I started to doubt this after improving when I coincidentally tried a diet that just so happened to be free from wheat. But symptoms quickly returned when I added wheat, even when I added products that were supposedly gluten free but which contained starches, modified starches, things made from starches and many things feed from any of these things from an unspecified source.
So I now avoid not only anything marked as containing wheat, rye, barley or gluten, but also anything with an E number in the range E1400 to E1499, glucose, dextrin, maltodextrin and other things made from starch, and or ferments fed on such unspecified starches or starch derivatives, such as yeast extract UNLESS these things are specifically marked as "from maize", "from corn", "from rice", "from potatoes" or "from tapioca", or some other product that isn't wheat, barley, or rye, AND marked free from traces of gluten and gluten containing grains.
I have even gotten sick from co called "mixed blossom" honey and honey that isn't marked as coming from a particular sort of flower. I presume either because it was contaminated with fake honey containing wheat glucose or because of the practice of feeding bees over winter with fondant (icing paste), because in winter they won't take sugar water into the hive. Fondant usually contains wheat glucose.
As you can imagine, this makes feeding myself quite the chore, practically necessitating making most of everything from scratch. And carefully and slowly trialling processed foods one by one to ensure they are OK for me. Because trusting labels is still extremely hit and miss unfortunately. But if you are still getting sick, it's something worth trying.
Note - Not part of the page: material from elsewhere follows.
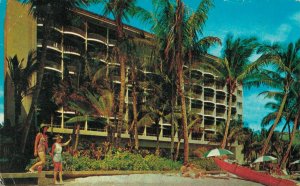 Hawaii Surfrider Hotel Hawaii on the Beach Waikiki Sheraton Hotel Postcard 07.73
Oats is a weird one. I don't think it is in itself bad for me, because the diet I first recovered on was actually majority oat flour! But I have gotten sick from eating oats. I suspect that they are none too careful of keeping the processing and storage of oats separate from the real culprits wheat, barley and rye. Because it's simply too expensive and impractical to have separate equipment at the farm to deal with everything you might want to grow.